Символическое значение гаучо ценил Родольфо Гонсалес Пачеко, который писал об этом недисциплинированном бунтаре-варваре, мифическом предреволюционном герое: "С кочевником можно создать родину, но нельзя организовать государство. Нужно было обездвижить его, превратив в пеона или в хозяина". Стоит обратить внимание на слово "кочевник", которое использовал Пачеко. Кочевник - иммигрант, как и анархист, он - тот, кто пришел из других мест, в данном случае, из дальних европейских краев. Кочевник-иммигрант вызывал страх у оседлых элит, которые видели в этих нахлынувших ордах возмутителей предписанного властью спокойствия. "Пульс скитаний", по выражению Мишеля Маффесоли, предполагал скрытое бунтарство; кочевая жизнь ассоциировалась с подрывом существующего общества, и потому в каждом иммигранте видели потенциального анархиста. Если современная цивилизация основана на представлениях о незыблемости нации и государства, то столь же очевидно, что существует связь между странствием и распространением подрывных настроений. Но скитание иммигранта, в случае с анархистом, оказывалось утверждающим моментом, мечтой о свободном обществе. Речь шла о творческом кочевничестве.
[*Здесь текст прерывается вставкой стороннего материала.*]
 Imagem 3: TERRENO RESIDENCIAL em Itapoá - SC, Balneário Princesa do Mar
ДЕЛО АНАРХИСТСКОЙ ЦИВИЛИЗАЦИИ
Анархисты, оказавшиеся в аргентинском изгнании, задались целью построить новое общество, новую цивилизацию. Это давало им реальное ощущение со-принадлежности к миру, возможность обрести самих себя. Кочевник ощутил себя в центре мира, даже больше того, у истоков обновления мира. Люди обнаруживали себя в состоянии, которое возвращало к изначальной чистоте, к "рождению". Анархист отнюдь не только разрушал. Он приступал к длительной работе по реконструкции общества. Революционная практика в ходе забастовок и восстаний подтверждала идентичность нового пролетариата, сплачивала его и открывала возможности для возрождения.
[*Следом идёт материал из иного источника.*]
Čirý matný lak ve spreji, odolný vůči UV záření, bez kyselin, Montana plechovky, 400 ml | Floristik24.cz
Большинство рабочих были фабричными пролетариями в первом поколении и хранили еще память об утраченном мире ремесла, где производители, объединенные в автономные коллективы - цехи, сами принимали хозяйственные решения и отнюдь не были рабами. Фабричная система, с ее разделением труда на односложные и простые операции, с жестким контролем и диктатом хозяев и надсмотрщиков, вызывала ненависть. ФОРА аккумулировала и усиливала эту стихийную народную ненависть к фабрике. Анархисты говорили о необходимости сломать основу (матрицу) современного угнетения - фабричный деспотизм. Некоторые доходили до идеи разрушения промышленности и создания аграрных коммун. Но большинство анархистов думали, что это невозможным, и видимо считали, что фабрику придется каким-то образом перестроить, чтобы она превратилась в механизм, пригодный для рабочего самоуправления. Однако, из-за нежелания разрабатывать конкретные проекты общественной трансформации, данная идея не получила развития. Это делало позиции ФОРА уязвимыми для критики.
Интересный пример веры в необходимость созидания можно обнаружить в "Американском анархистском городе" Пьера Кироля, изданном в 1914 г. "Либертарный легион (...), усиленный и пополненный последними добровольцами, прибывшими из Европы" и "волонтерами Анархии" ставит перед собой задачу освободить своих товарищей по несчастью из-под ига монархии Эльдорадо, чтобы построить анархистский город". Конструктивистское видение Пьера Кироля, включает детальный план анархистского города, развивающий идеи утопического социализма 19 века. Речь шла о соединении анархистской идеологии с конкретной формой социальной организации, которая учитывала бы семейную среду и коллективизировала производство и сферу услуг.
Но такие детализированные конструкции не типичны для аргентинского анархизма. Считалось, что основная цель движения - это, пользуясь выражением Бакунина, 'революционная гимнастика'. Необходимо развить у рабочих способность к самоуправлению и разрушить уважение к носителям принципа господства, власти и закона. Заранее определять, какие конкретные формы примет безвластие, считалось ошибочным, поскольку подобное конструирование нарушало творческий характер созидания. Ведь анархистский коммунизм не может быть результатом проекта, сложившегося в одной голове. Он может быть лишь результатом диалога и соглашений между многочисленными ассоциациями трудящихся. О нем можно говорить сегодня лишь в категориях отрицания (как христианская апофатическая теология говорит о боге): это мир без власти, частной собственности, государственных границ, мир невыразимой в терминах современного языка свободы. Здесь обнаруживает себя нигилизм ФОРА, близость скорее к Бакунину, с его представлением о том, что 'страсть к разрушению есть творческая страсть', чем к Кропоткину или Пуэнте, с их представлением о главенстве позитивного идеала.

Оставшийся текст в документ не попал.